Given material:
◇ ◇ ◇ ◇

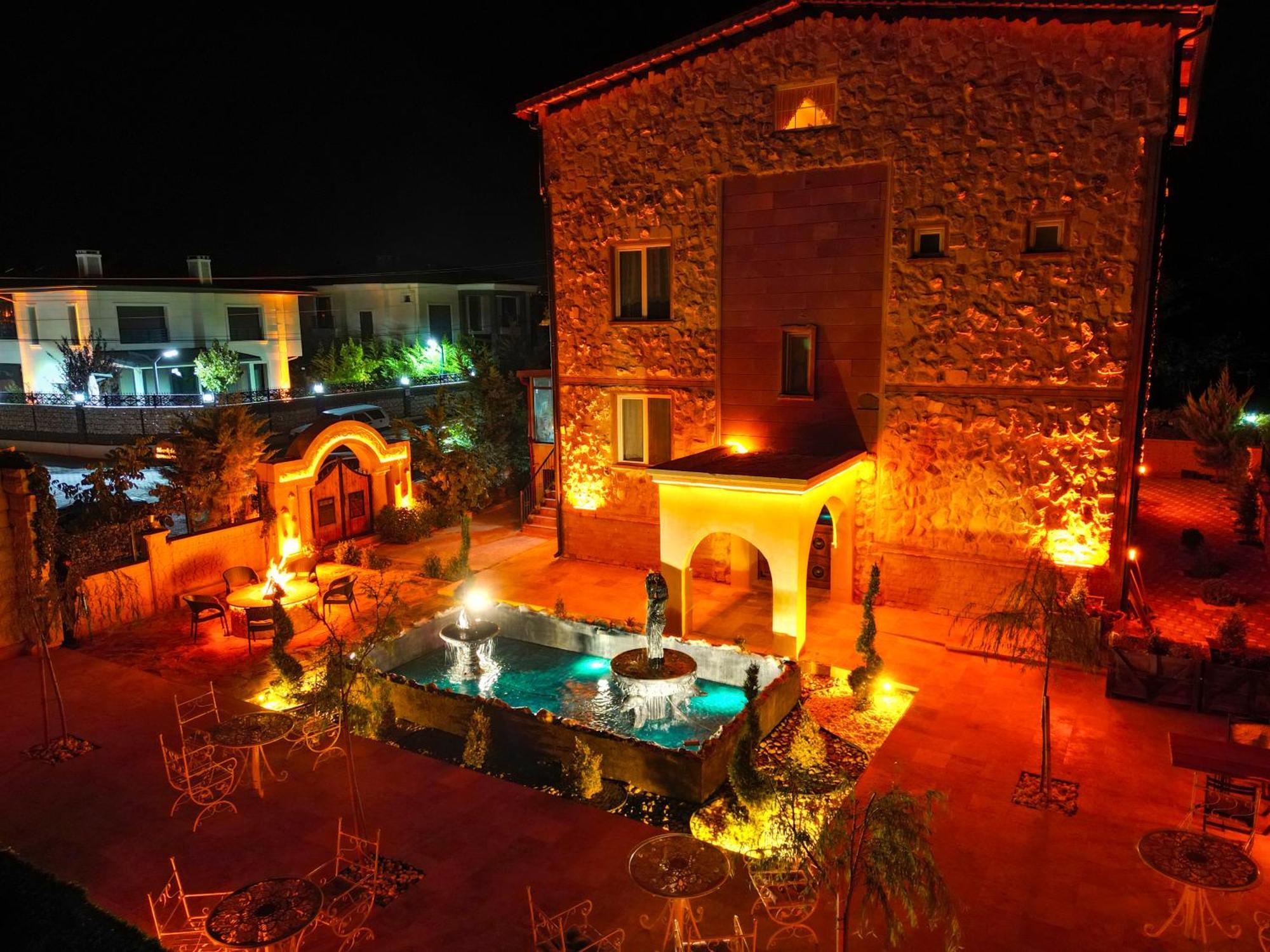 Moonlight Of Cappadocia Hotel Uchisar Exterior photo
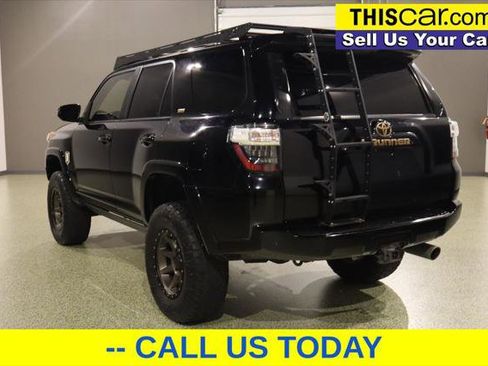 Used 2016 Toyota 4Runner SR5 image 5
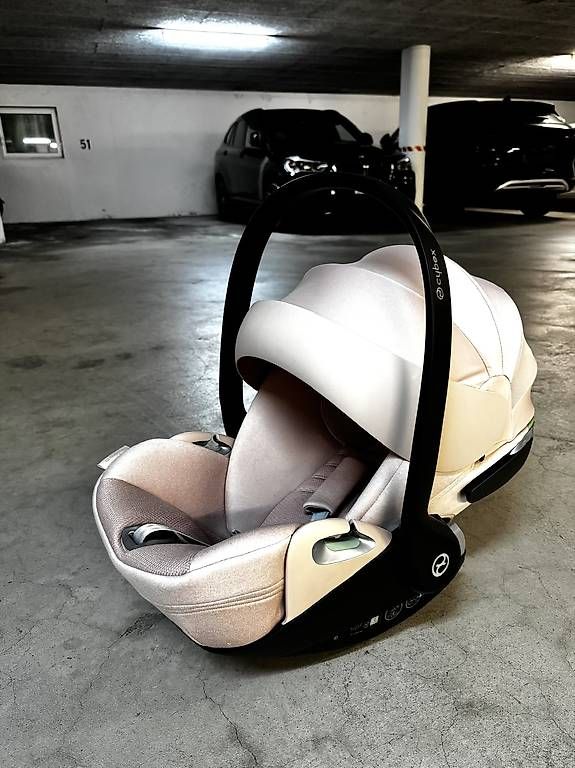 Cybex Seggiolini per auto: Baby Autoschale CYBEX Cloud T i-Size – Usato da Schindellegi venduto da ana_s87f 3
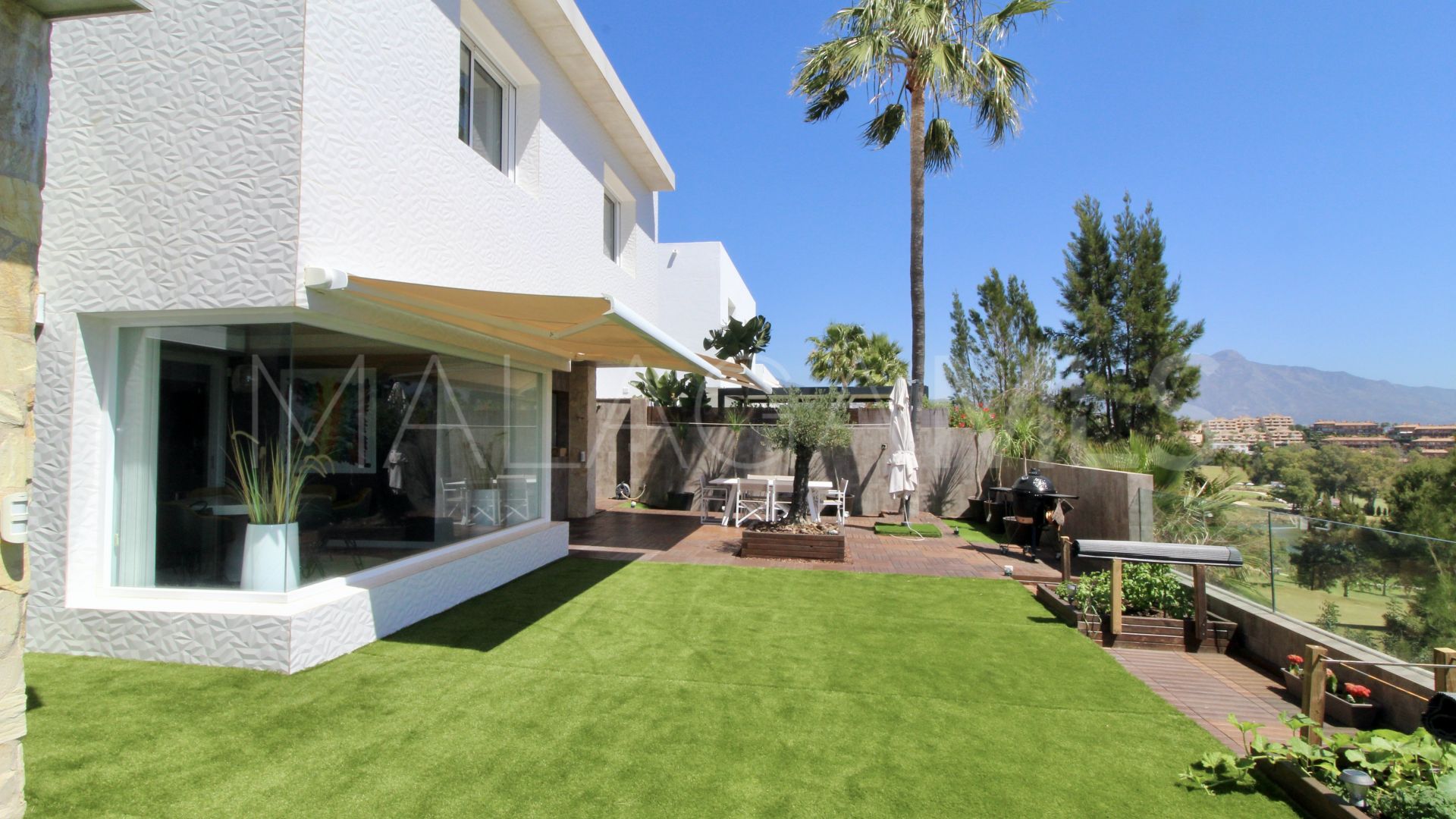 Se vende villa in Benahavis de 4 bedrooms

◇ ◇ ◇ ◇

Exercise description: The entire listing above, word for word and without pictures, is what should be output.

Reply:
 Moonlight Of Cappadocia Hotel Uchisar Exterior photo
 Used 2016 Toyota 4Runner SR5 image 5
 Cybex Seggiolini per auto: Baby Autoschale CYBEX Cloud T i-Size – Usato da Schindellegi venduto da ana_s87f 3
 Se vende villa in Benahavis de 4 bedrooms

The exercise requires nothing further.